Write the listing out again, all of it, word for word.

- - -

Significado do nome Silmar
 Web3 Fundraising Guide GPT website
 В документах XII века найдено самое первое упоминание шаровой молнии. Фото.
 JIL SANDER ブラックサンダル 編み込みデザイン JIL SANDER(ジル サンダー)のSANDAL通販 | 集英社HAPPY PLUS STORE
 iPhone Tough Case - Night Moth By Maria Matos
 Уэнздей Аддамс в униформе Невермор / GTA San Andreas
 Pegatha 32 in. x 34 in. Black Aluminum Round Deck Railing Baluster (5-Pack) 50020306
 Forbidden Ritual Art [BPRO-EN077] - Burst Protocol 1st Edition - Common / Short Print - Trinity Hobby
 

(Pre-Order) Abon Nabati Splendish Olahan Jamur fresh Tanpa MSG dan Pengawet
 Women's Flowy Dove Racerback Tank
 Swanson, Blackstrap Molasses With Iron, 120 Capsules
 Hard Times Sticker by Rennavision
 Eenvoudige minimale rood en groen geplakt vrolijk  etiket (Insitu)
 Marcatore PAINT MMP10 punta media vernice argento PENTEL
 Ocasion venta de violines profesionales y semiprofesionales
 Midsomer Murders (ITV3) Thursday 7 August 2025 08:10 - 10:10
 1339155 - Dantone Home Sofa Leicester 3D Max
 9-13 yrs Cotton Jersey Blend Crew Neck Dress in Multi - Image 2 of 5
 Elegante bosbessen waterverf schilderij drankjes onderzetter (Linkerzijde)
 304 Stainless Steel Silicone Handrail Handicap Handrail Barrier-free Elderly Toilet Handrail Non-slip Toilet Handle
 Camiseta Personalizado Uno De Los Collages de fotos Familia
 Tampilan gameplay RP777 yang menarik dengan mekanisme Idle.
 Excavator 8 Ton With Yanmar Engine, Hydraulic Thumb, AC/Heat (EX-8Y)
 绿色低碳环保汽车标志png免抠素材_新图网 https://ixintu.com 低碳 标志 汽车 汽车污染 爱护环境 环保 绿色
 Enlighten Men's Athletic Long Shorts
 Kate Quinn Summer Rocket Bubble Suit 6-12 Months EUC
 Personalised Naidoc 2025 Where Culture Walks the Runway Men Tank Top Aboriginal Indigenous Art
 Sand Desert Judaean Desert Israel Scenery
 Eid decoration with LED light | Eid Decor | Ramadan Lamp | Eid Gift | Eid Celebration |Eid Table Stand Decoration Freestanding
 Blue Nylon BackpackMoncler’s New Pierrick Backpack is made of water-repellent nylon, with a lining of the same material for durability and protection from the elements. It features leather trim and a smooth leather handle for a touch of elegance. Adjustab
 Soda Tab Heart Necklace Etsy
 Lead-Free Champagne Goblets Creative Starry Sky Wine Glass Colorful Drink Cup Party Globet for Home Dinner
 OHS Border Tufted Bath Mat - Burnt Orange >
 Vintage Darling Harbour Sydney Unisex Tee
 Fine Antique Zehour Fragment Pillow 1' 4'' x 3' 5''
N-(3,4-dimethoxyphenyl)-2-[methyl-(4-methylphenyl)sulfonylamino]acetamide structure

- - -

▸ **Problem solution**
Significado do nome Silmar
 Web3 Fundraising Guide GPT website
 В документах XII века найдено самое первое упоминание шаровой молнии. Фото.
 JIL SANDER ブラックサンダル 編み込みデザイン JIL SANDER(ジル サンダー)のSANDAL通販 | 集英社HAPPY PLUS STORE
 iPhone Tough Case - Night Moth By Maria Matos
 Уэнздей Аддамс в униформе Невермор / GTA San Andreas
 Pegatha 32 in. x 34 in. Black Aluminum Round Deck Railing Baluster (5-Pack) 50020306
 Forbidden Ritual Art [BPRO-EN077] - Burst Protocol 1st Edition - Common / Short Print - Trinity Hobby
 

(Pre-Order) Abon Nabati Splendish Olahan Jamur fresh Tanpa MSG dan Pengawet
 Women's Flowy Dove Racerback Tank
 Swanson, Blackstrap Molasses With Iron, 120 Capsules
 Hard Times Sticker by Rennavision
 Eenvoudige minimale rood en groen geplakt vrolijk  etiket (Insitu)
 Marcatore PAINT MMP10 punta media vernice argento PENTEL
 Ocasion venta de violines profesionales y semiprofesionales
 Midsomer Murders (ITV3) Thursday 7 August 2025 08:10 - 10:10
 1339155 - Dantone Home Sofa Leicester 3D Max
 9-13 yrs Cotton Jersey Blend Crew Neck Dress in Multi - Image 2 of 5
 Elegante bosbessen waterverf schilderij drankjes onderzetter (Linkerzijde)
 304 Stainless Steel Silicone Handrail Handicap Handrail Barrier-free Elderly Toilet Handrail Non-slip Toilet Handle
 Camiseta Personalizado Uno De Los Collages de fotos Familia
 Tampilan gameplay RP777 yang menarik dengan mekanisme Idle.
 Excavator 8 Ton With Yanmar Engine, Hydraulic Thumb, AC/Heat (EX-8Y)
 绿色低碳环保汽车标志png免抠素材_新图网 https://ixintu.com 低碳 标志 汽车 汽车污染 爱护环境 环保 绿色
 Enlighten Men's Athletic Long Shorts
 Kate Quinn Summer Rocket Bubble Suit 6-12 Months EUC
 Personalised Naidoc 2025 Where Culture Walks the Runway Men Tank Top Aboriginal Indigenous Art
 Sand Desert Judaean Desert Israel Scenery
 Eid decoration with LED light | Eid Decor | Ramadan Lamp | Eid Gift | Eid Celebration |Eid Table Stand Decoration Freestanding
 Blue Nylon BackpackMoncler’s New Pierrick Backpack is made of water-repellent nylon, with a lining of the same material for durability and protection from the elements. It features leather trim and a smooth leather handle for a touch of elegance. Adjustab
 Soda Tab Heart Necklace Etsy
 Lead-Free Champagne Goblets Creative Starry Sky Wine Glass Colorful Drink Cup Party Globet for Home Dinner
 OHS Border Tufted Bath Mat - Burnt Orange >
 Vintage Darling Harbour Sydney Unisex Tee
 Fine Antique Zehour Fragment Pillow 1' 4'' x 3' 5''
N-(3,4-dimethoxyphenyl)-2-[methyl-(4-methylphenyl)sulfonylamino]acetamide structure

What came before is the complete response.